Kids can go on the internet and find something in their area they can help with. [Try] your church, your school. You [the parent] can also be the one to start a direct service. There may be something in your school that you can help with that the school doesn’t have money for. There may be, for example, let’s take the refugee children of Sudan, there are schools all over this country that are collecting canned goods and sending them, and the same for Haiti. There’s always something that you can do, it’s just a matter of, pardon the expression, of getting off our butts and finding it!

On the MLK quote, "Even if I knew that tomorrow the world would go to pieces, I would still plant my apple tree"...

I love that quote. I love that quote! Because, what he’s saying is things don’t have to be going right for you to believe in tomorrow. You can always have hope. You can always believe in tomorrow and act as though tomorrow is going to be better. Now, what better way to prove that than to go plant an apple tree at a time when Egypt is blowing up, and North Korea isn’t making us all that happy, and Afghanistan and Iraq are still going? And if you look around the world, you could be pretty depressed. I don’t think the world is going to blow up tomorrow, but even looking at the world the way it is, what a positive act to say I’m going to plant an apple tree. Because an apple tree doesn’t give it’s fruit the next week; it takes years. So what you’re saying is I believe in the long term future, and what better message to give kids that you believe in the future? And if nothing else, you can go plant an apple tree. The world can always use more apple trees!

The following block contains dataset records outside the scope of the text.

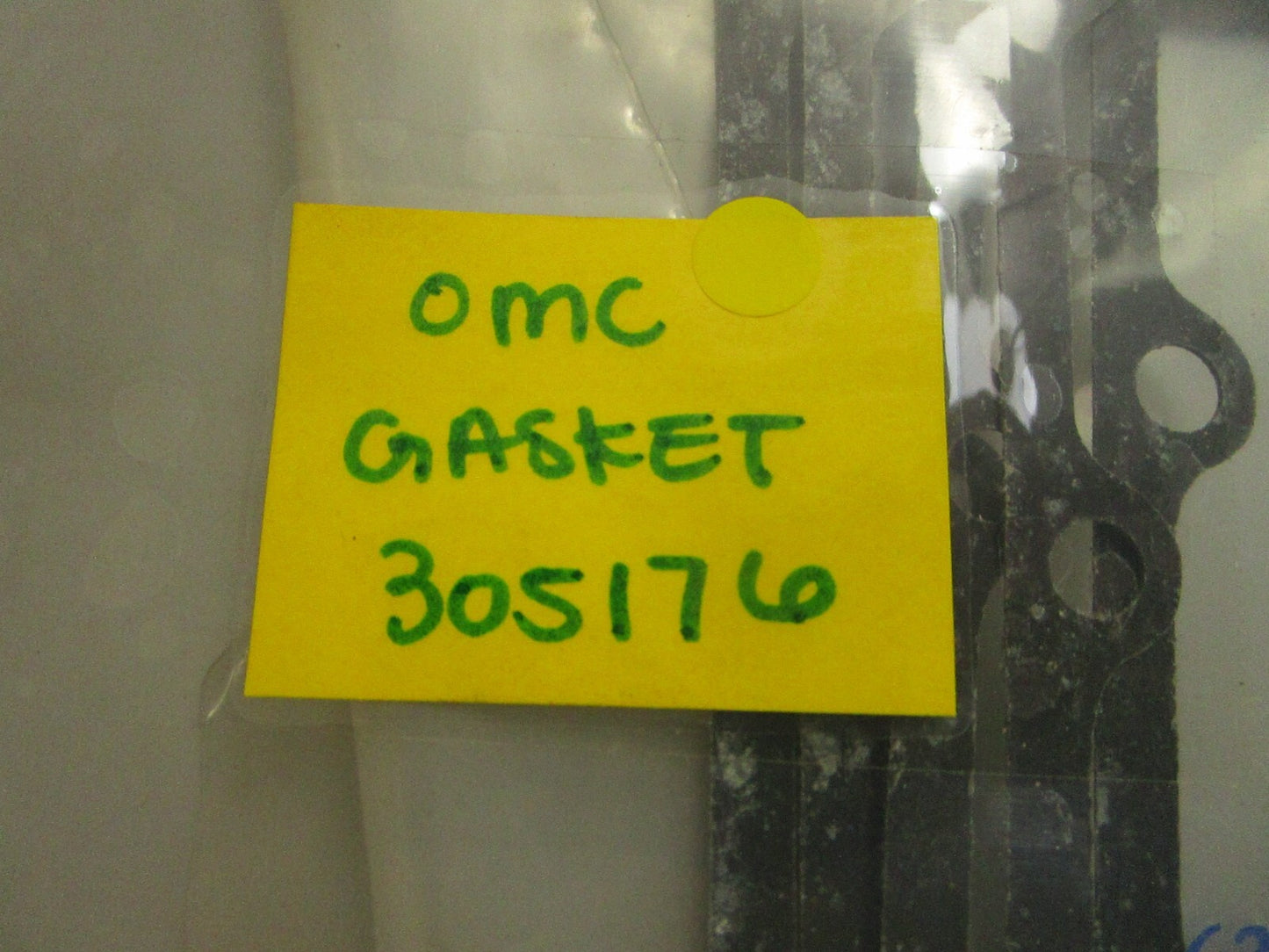*NEW OEM* (LOT OF 2) 0810 OMC Johnson Evinrude Gasket 305176 0305176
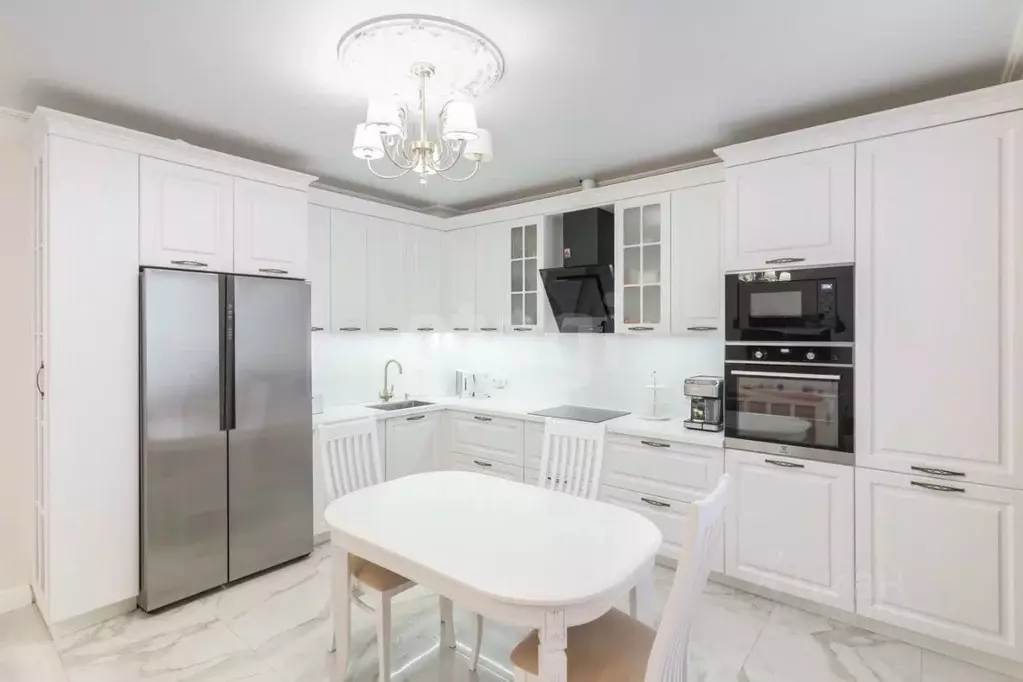 3-к кв. Тюменская область, Тюмень ул. Николая Ростовцева, 23 (81.1 м) - Фото 1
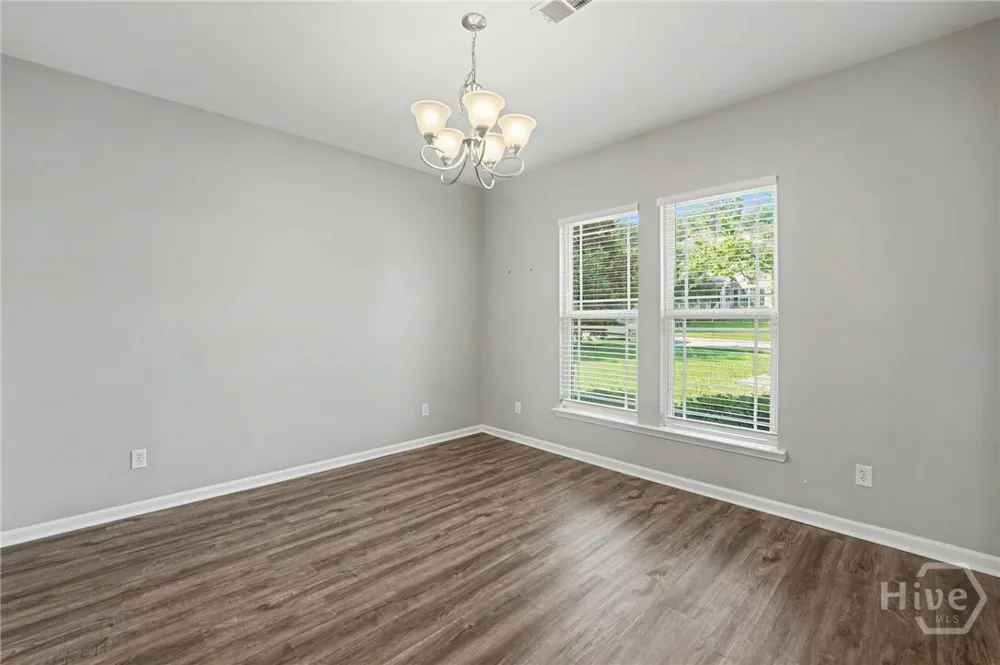 143 Grayson Avenue Savannah, GA 31419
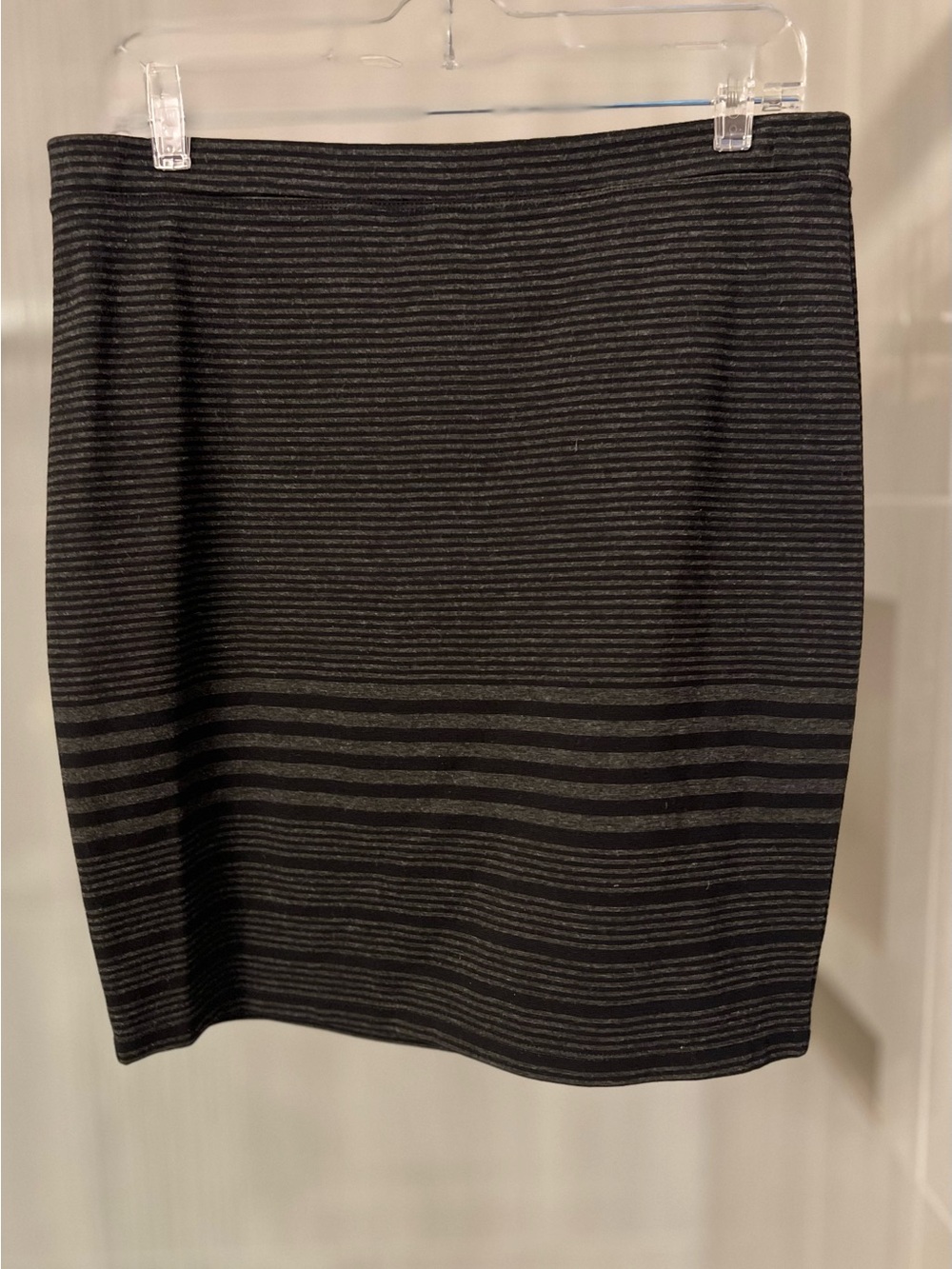 Max Studio Striped Stretch Knit Pencil Skirt Charcoal Grey Black Medium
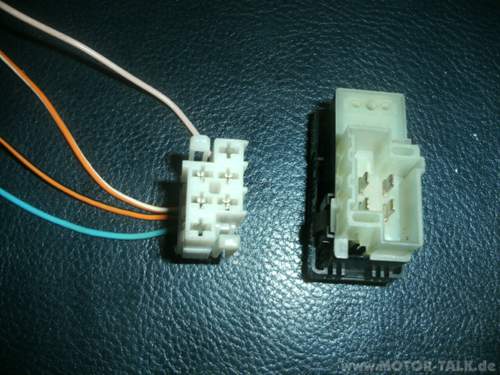 Stecker-850-lwr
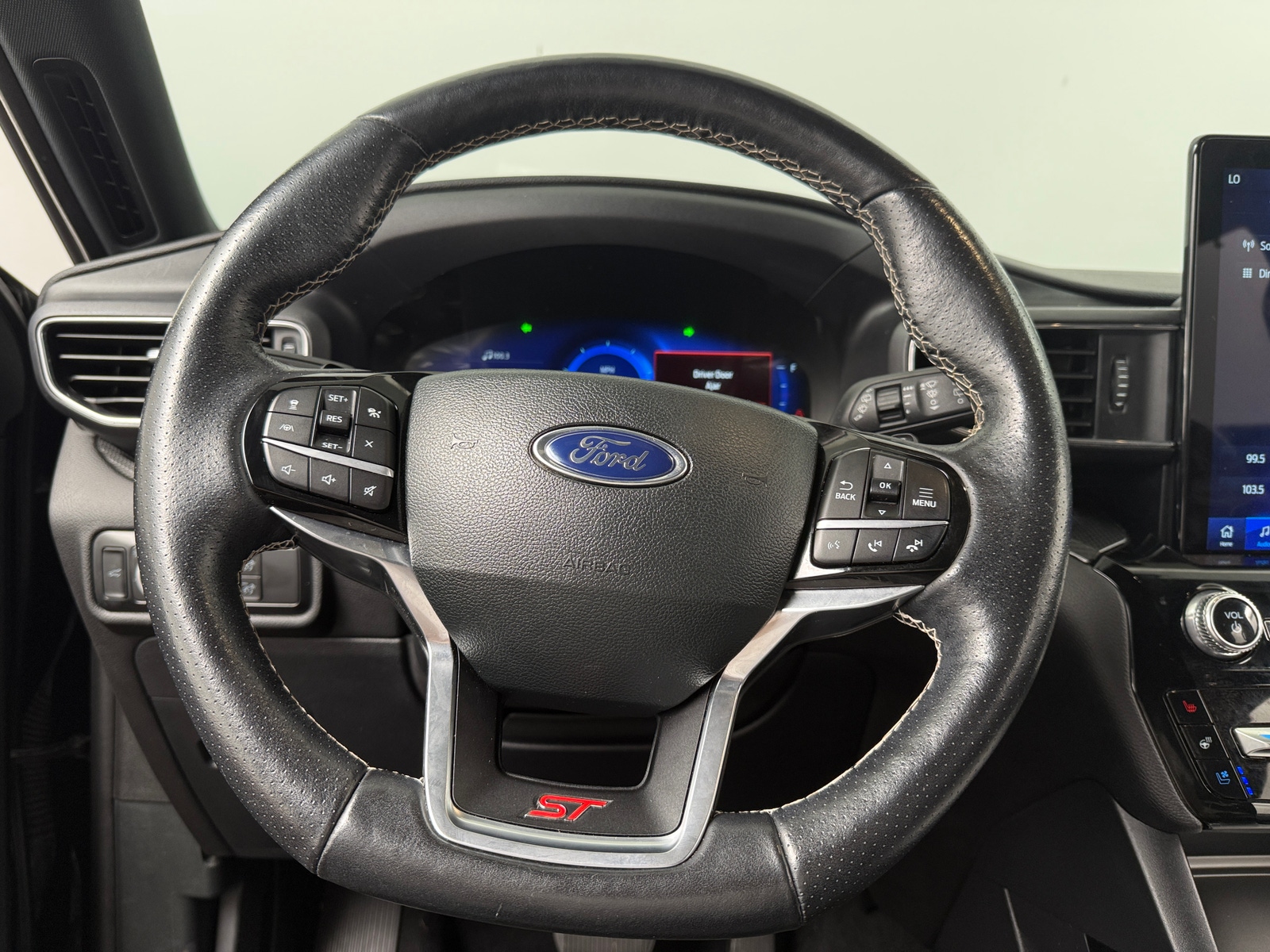 Thumbnail: 2023 Ford Explorer - 4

What about the controversial civil rights subjects of our day -- like gay rights -- that are discussed in the episode, will some parents object to that?

The mission of our show is not to please everybody. The mission of our show is to try to explain the world to kids and explain the things that are in the news.

What I loved most about that the young boy who took the stand for gay rights, was that he put it in a context that was perfectly understandable. He said you don’t have to be gay to support gay rights, you don’t have to be black to support black rights, you don’t have to be a woman to support woman’s rights. This is about supporting the rights of others, and the quote, “Injustice anywhere is a threat to justice everywhere, and what affects one directly affects all of us indirectly.” So he was a very good example of a kid who was not personally affected by the gay rights issue at all. He has nothing at stake in it. He’s not gay. His parents aren’t gay. Now, has it cost him to come out and make this stand? Yes, it has. He has run into some trouble at his school, and I believe he is now being home schooled. Will that make some parents unhappy? Yes, it may, but you’d be amazed at some of the things that make some parents unhappy!

I will never forget having a father call and yell at me, because he walked into the living room at 9:30 at night, and his three-year-old was watching a show that had something to do with 9/11. He called, and he screamed at me for showing those images of the planes to a three-year-old and how inappropriate that was. My answer was, one: while we have done many shows that have something to do with 9/11, we have never once...never once, shown the images of those planes going into those buildings. Not one time, ever. He imagined he saw it. But the bigger question is, what is your three-year-old doing in control of the remote at 9 o’clock at night? These shows are not for two-year-olds. These shows are for kids 9-14.